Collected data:
::::

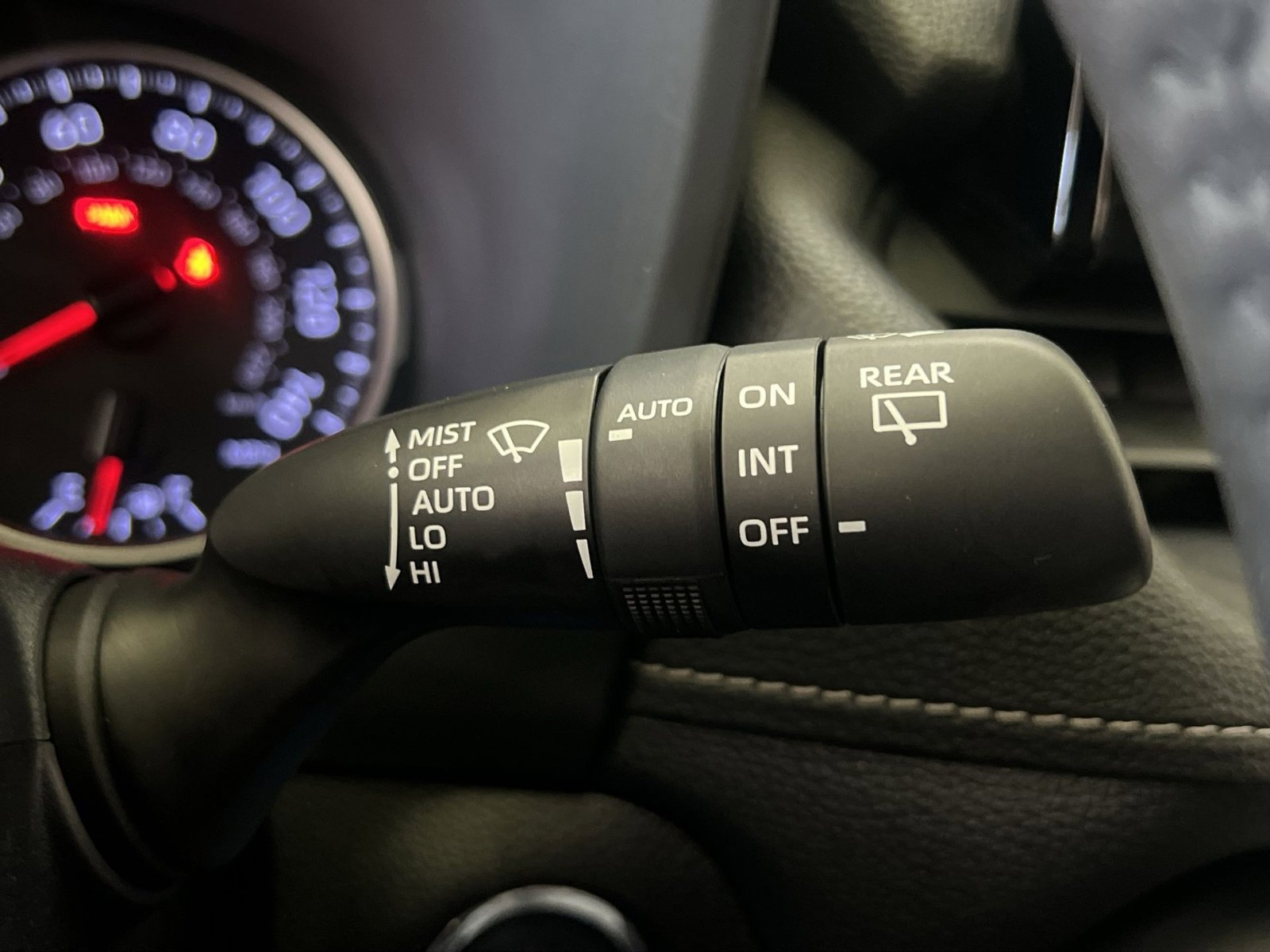 Used 2019 Toyota RAV4 XLE Premium w/ Cold Weather Package AWD/4WD image 35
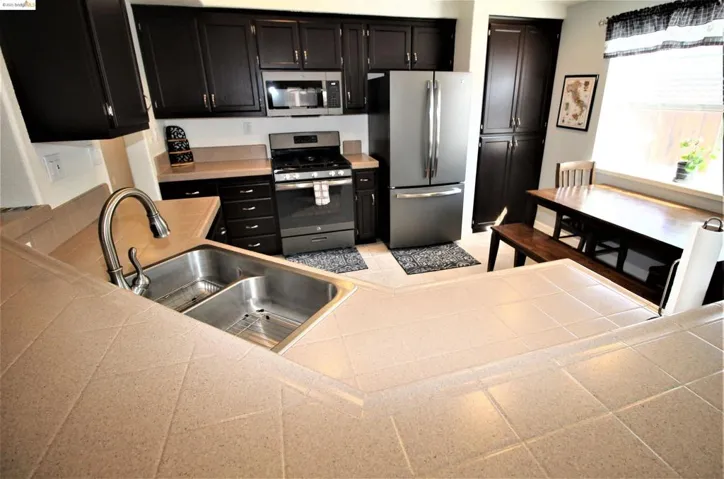 219 Tudor Ct, Oakley, California 94561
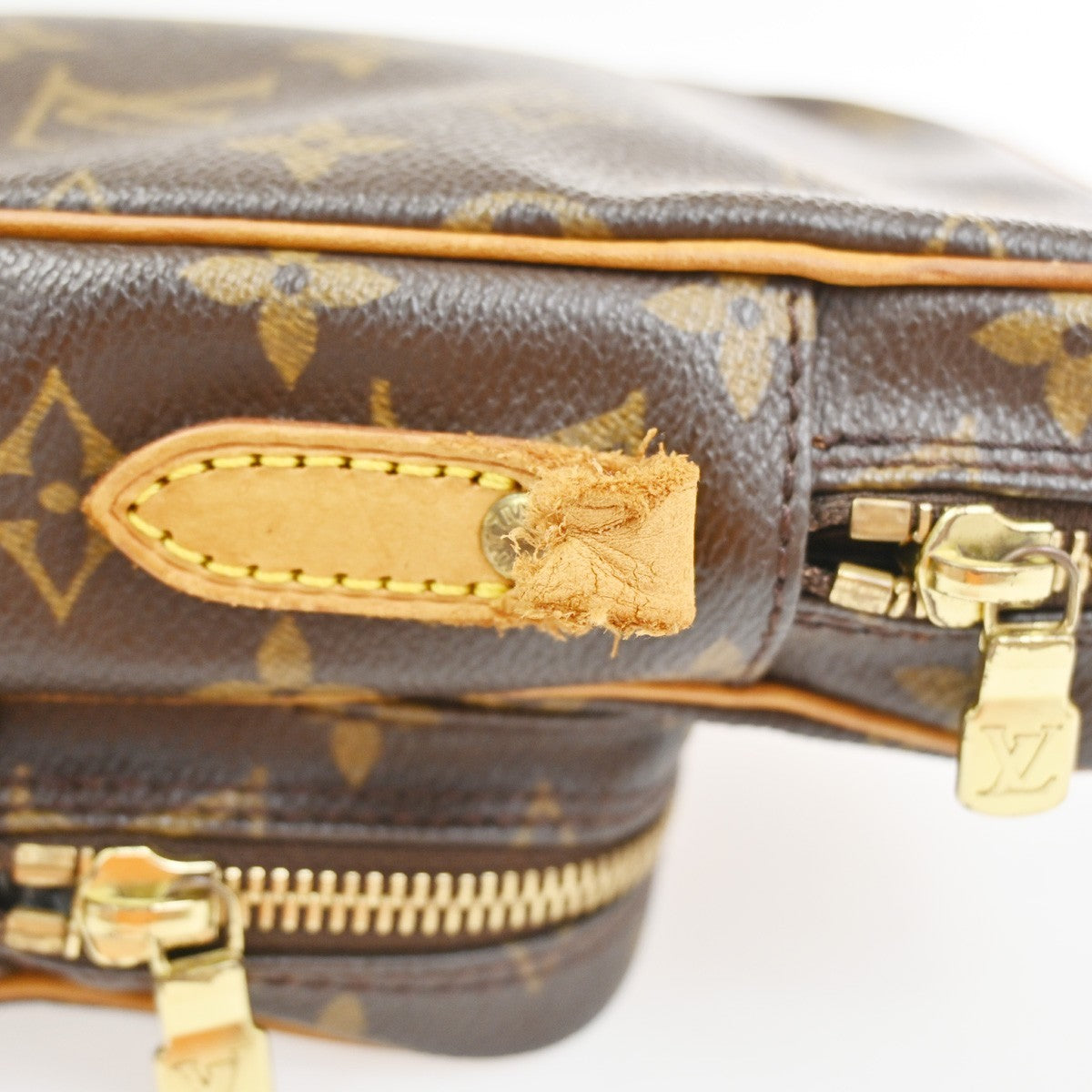 LOUIS VUITTON Amazon Crossbody Shoulder Bag Monogram Leather BN M45236 67SA031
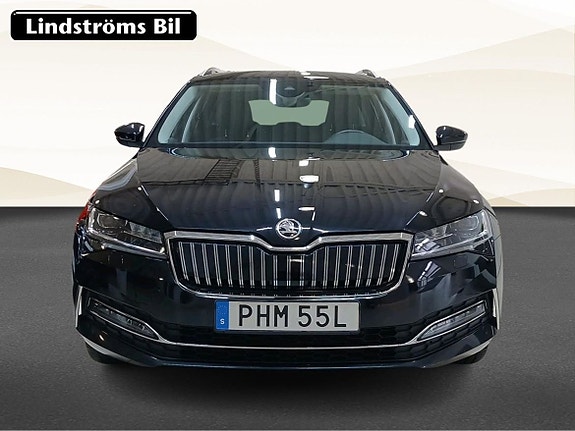 Skoda Superb 8 of 21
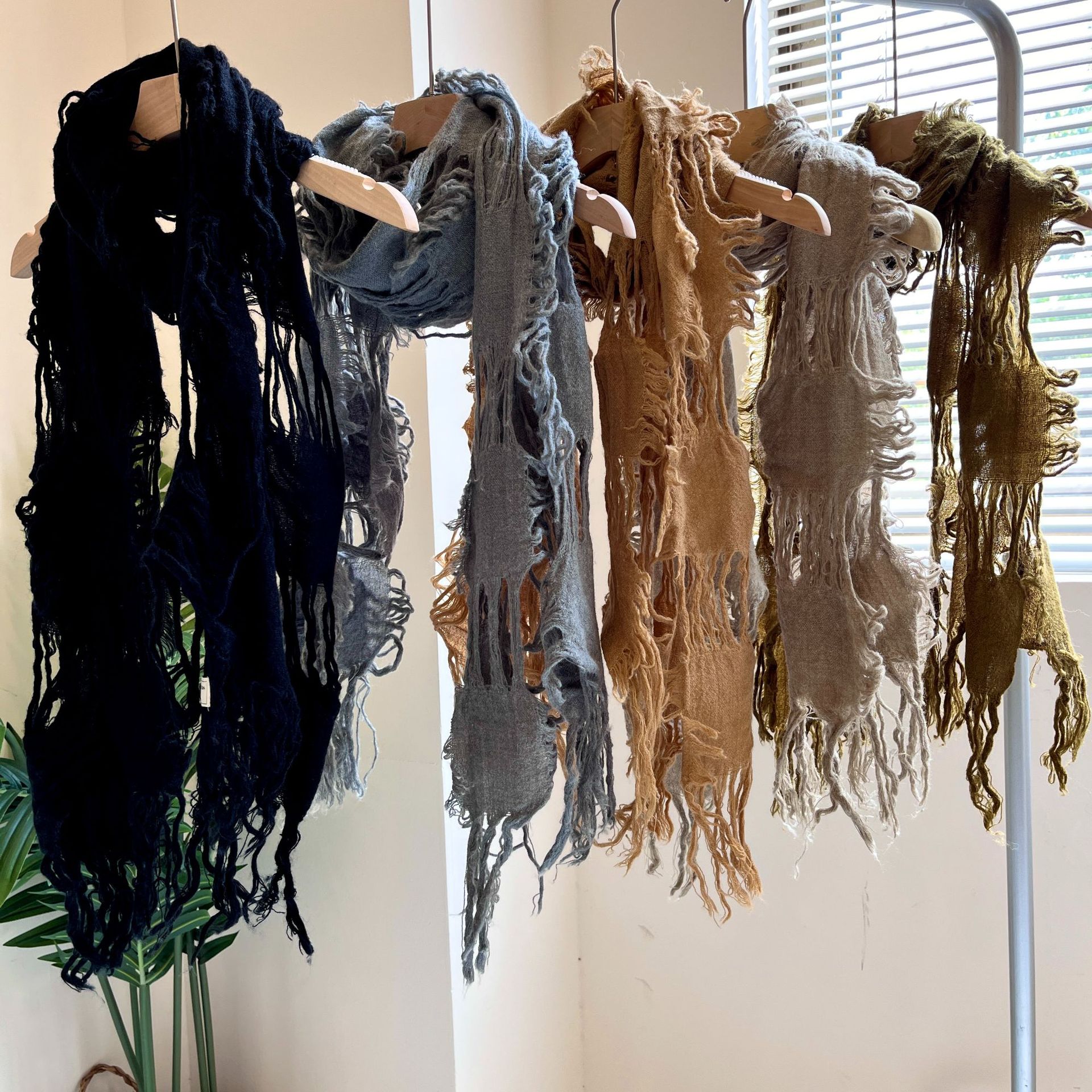 2025 New Fashion Ripped Hole T - Wool Scarf Men reseña y precio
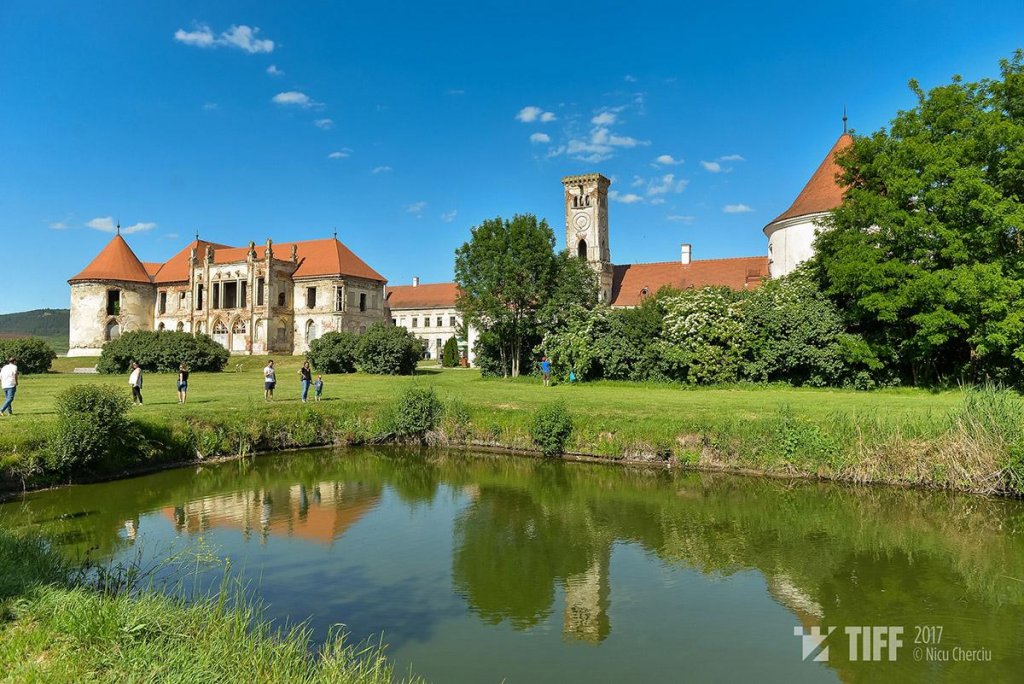 Castelul Bánffy îşi deschide porţile, în aprilie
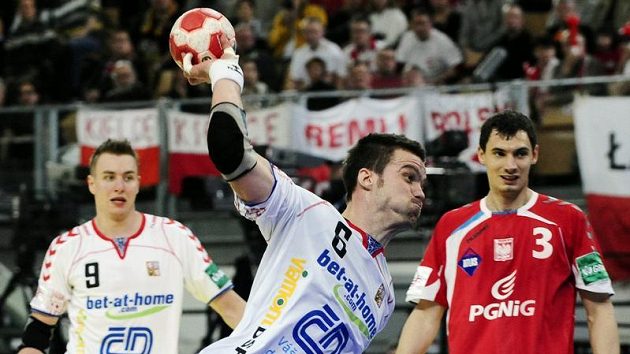 Český reprezentant v házené Václav Vraný střílí v utkání proti Polsku. Český reprezentant v házené Václav Vraný střílí v utkání proti Polsku.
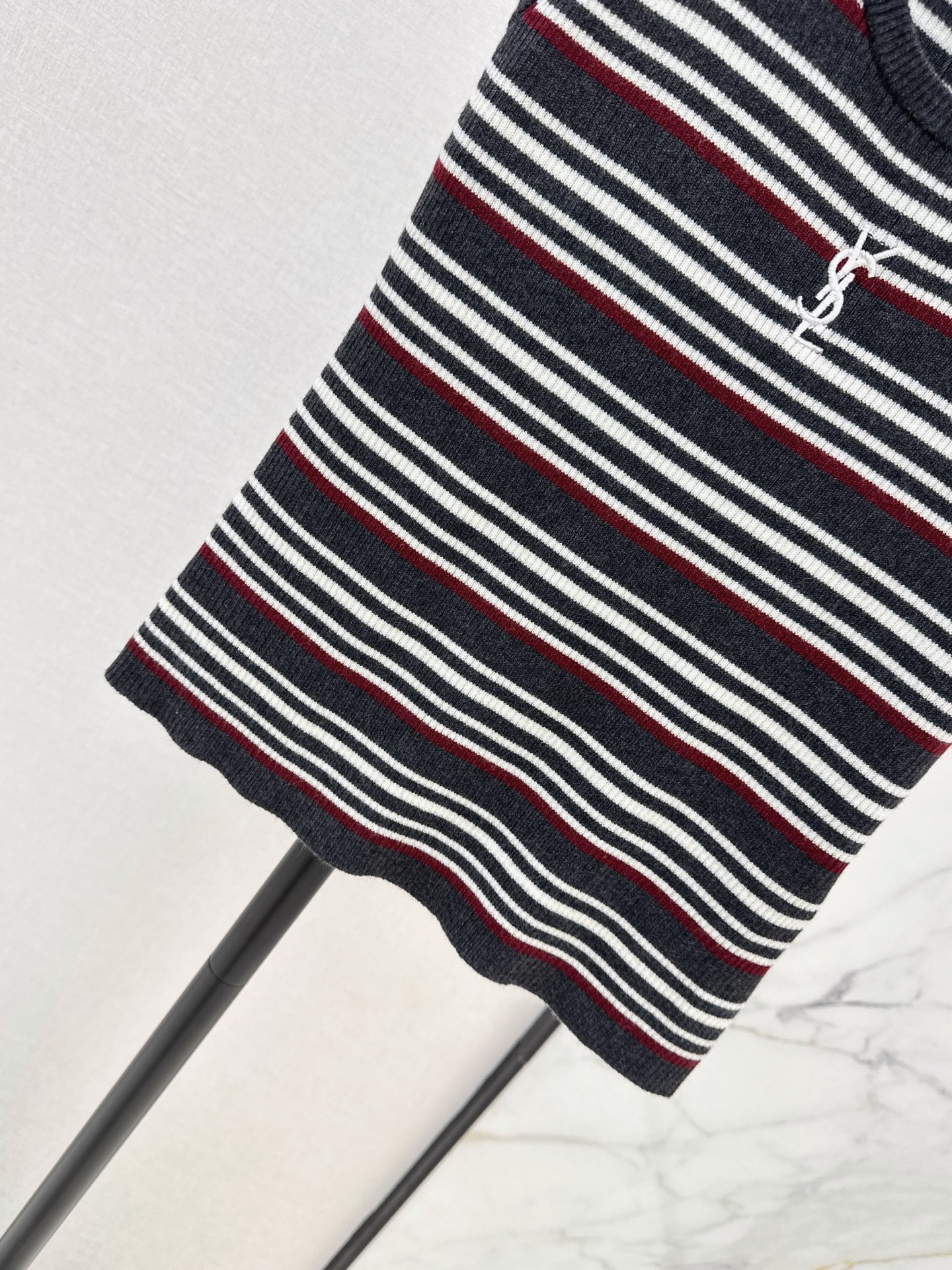 Sain 26fw stripe knit vest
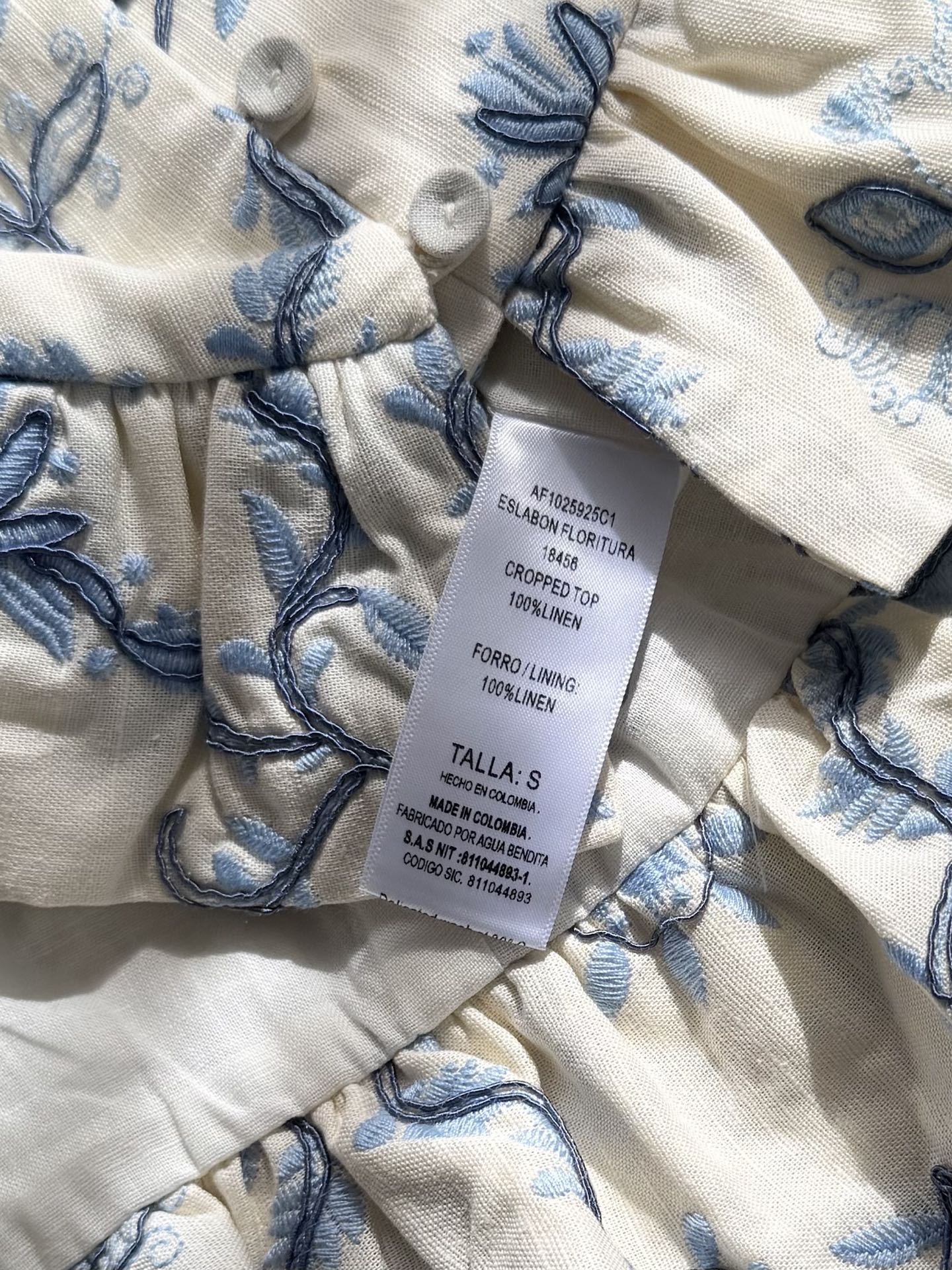 现货‼️‼️/重工盘绣马甲✨全身好几种刺绣叠加，图案也是错错落落，凹凸有致，就更有灵气了，对于这种复杂特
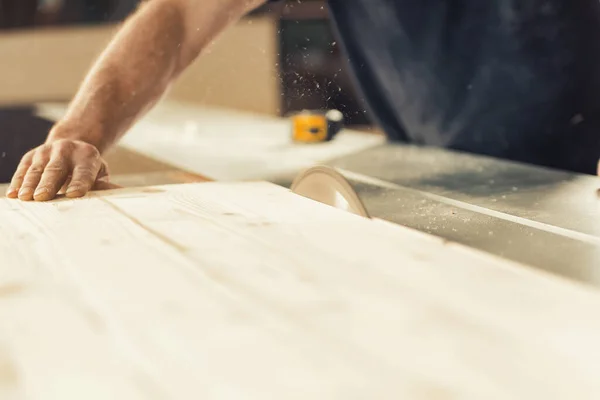 Der Tischler Führt Ein Holzbrett Mit Starker Und Sicherer Hand — Stockfoto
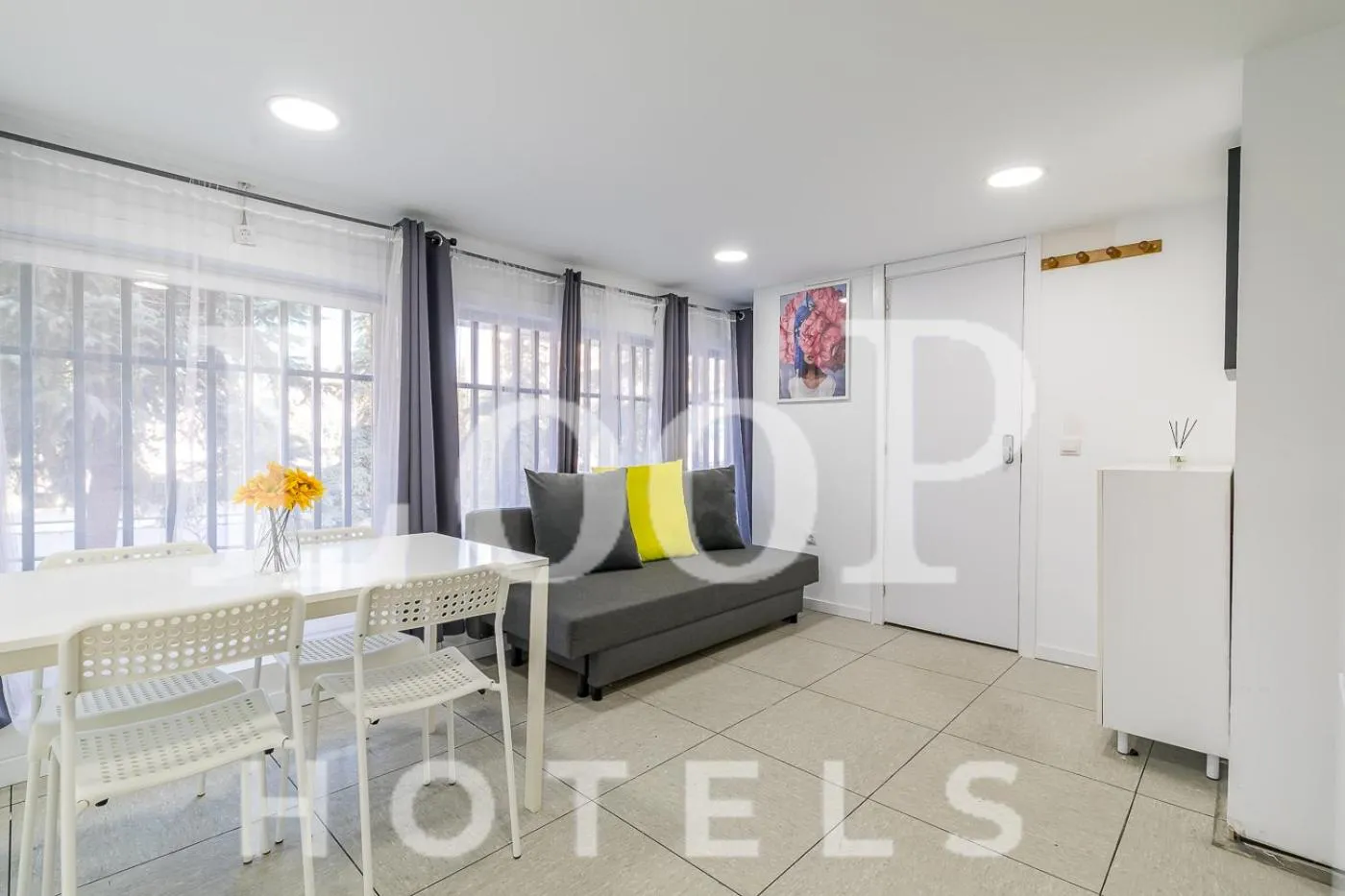 Living room in LooP America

::::

What's needed is an exact copy of the lines above from the one with "LOUIS VUITTON Amazon" through the one with "Der Tischler Führt", both included; the pictures stay out.

### EXERCISE OUTPUT
 LOUIS VUITTON Amazon Crossbody Shoulder Bag Monogram Leather BN M45236 67SA031
 Skoda Superb 8 of 21
 2025 New Fashion Ripped Hole T - Wool Scarf Men reseña y precio
 Castelul Bánffy îşi deschide porţile, în aprilie
 Český reprezentant v házené Václav Vraný střílí v utkání proti Polsku. Český reprezentant v házené Václav Vraný střílí v utkání proti Polsku.
 Sain 26fw stripe knit vest
 现货‼️‼️/重工盘绣马甲✨全身好几种刺绣叠加，图案也是错错落落，凹凸有致，就更有灵气了，对于这种复杂特
 Der Tischler Führt Ein Holzbrett Mit Starker Und Sicherer Hand — Stockfoto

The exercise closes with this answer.